Posted On: Mar 23, 2021
These instances deliver up to 30% higher throughput and up to 45% lower cost per inference than Amazon EC2 G4dn instances, which were already the lowest cost instance in the cloud for machine learning inference. Inf1 instances are ideal for applications such as image recognition, natural language processing, personalization and anomaly detection. Developers can manage their own machine learning application development platforms by either launching Inf1 instances with AWS Deep Learning AMIs, which include the Neuron SDK, or using Inf1 instances via Amazon Elastic Kubernetes Service (EKS) or Amazon Elastic Container Service (ECS) for containerized ML applications. EKS, ECS and SageMaker support for Inf1 instances in these new regions will be available soon.

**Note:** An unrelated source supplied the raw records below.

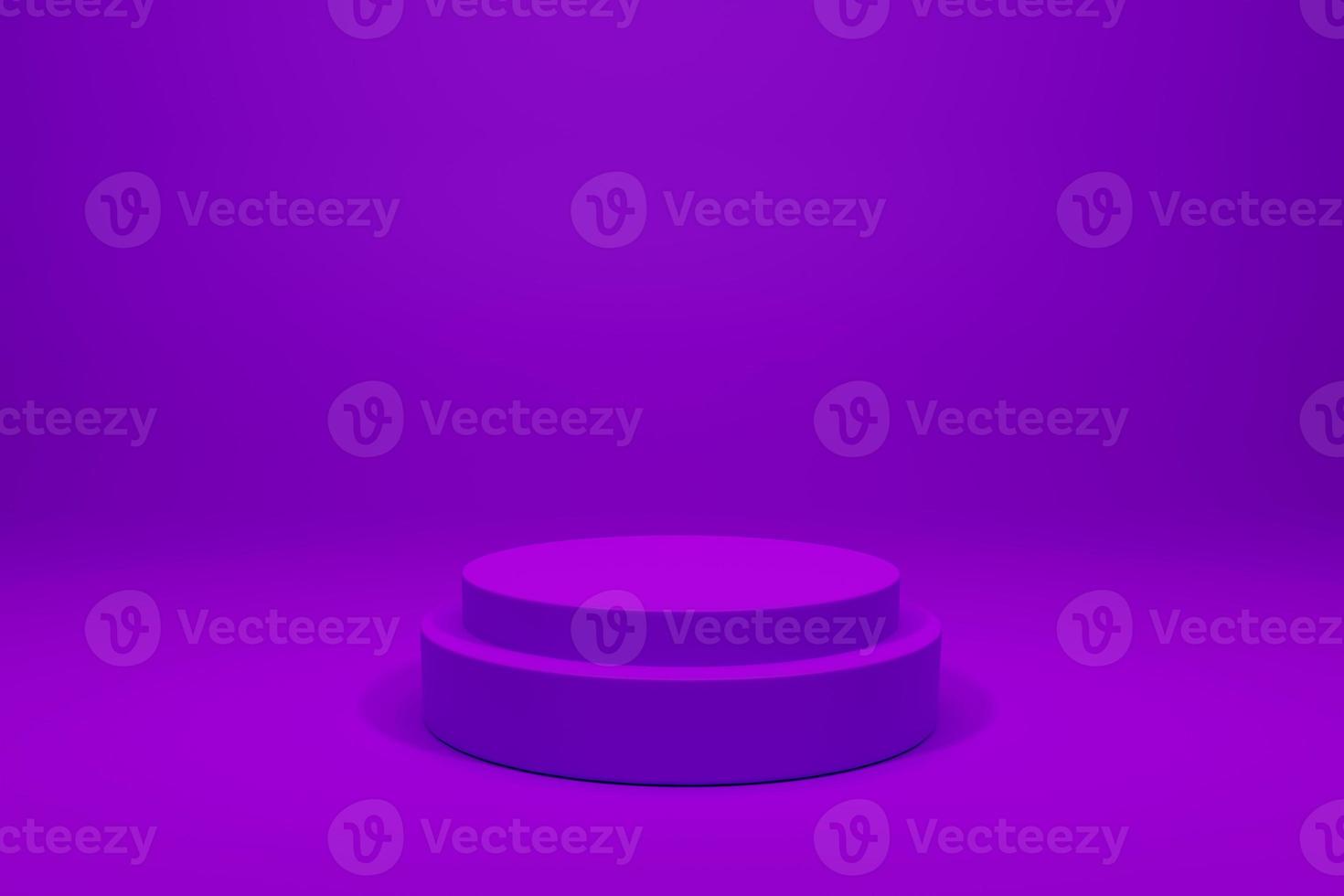 3D rendering purple colour minimal concept cylinder pedestal or podium for product display on empty background. 3D mockup illustration photo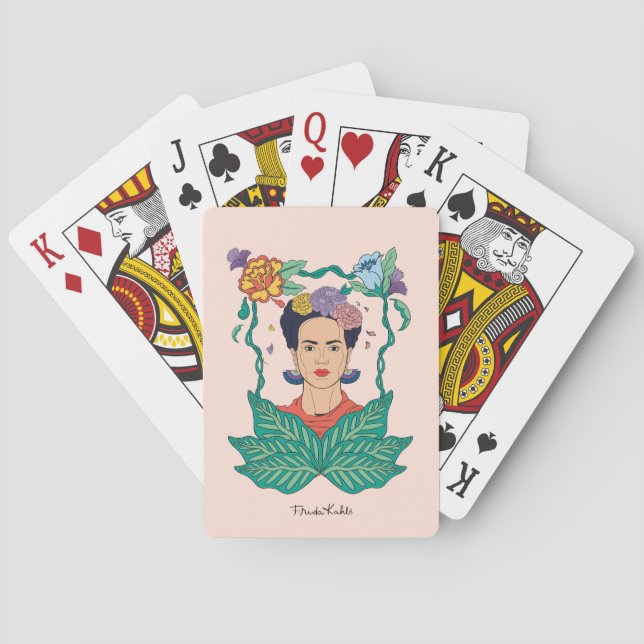 Frida Kahlo Floral Frame Graphic Playing Cards (Back)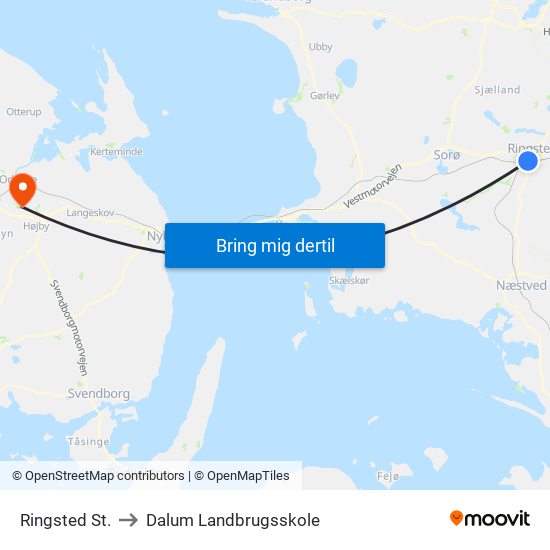 Ringsted St. to Dalum Landbrugsskole map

Amazon EC2 Inf1 instances are available in 4 sizes, providing up to 16 Inferentia chips, 96 vCPUs, 192GB of memory, 100 Gbps of networking bandwidth and 19 Gbps of Elastic Block Store (EBS) bandwidth. These instances are purchasable On-Demand, as Reserved Instances, as Spot instances, or as part of Savings Plans and are now available in 21 regions globally, including US East (N. Virginia, Ohio), US West (Oregon, N. California), AWS GovCloud (US-East, US-West), Canada (Central), Europe (Frankfurt, Ireland, London, Milan, Paris, Stockholm), Asia Pacific (Hong Kong, Mumbai, Seoul, Singapore, Sydney, Tokyo), Middle East (Bahrain), and South America (São Paulo).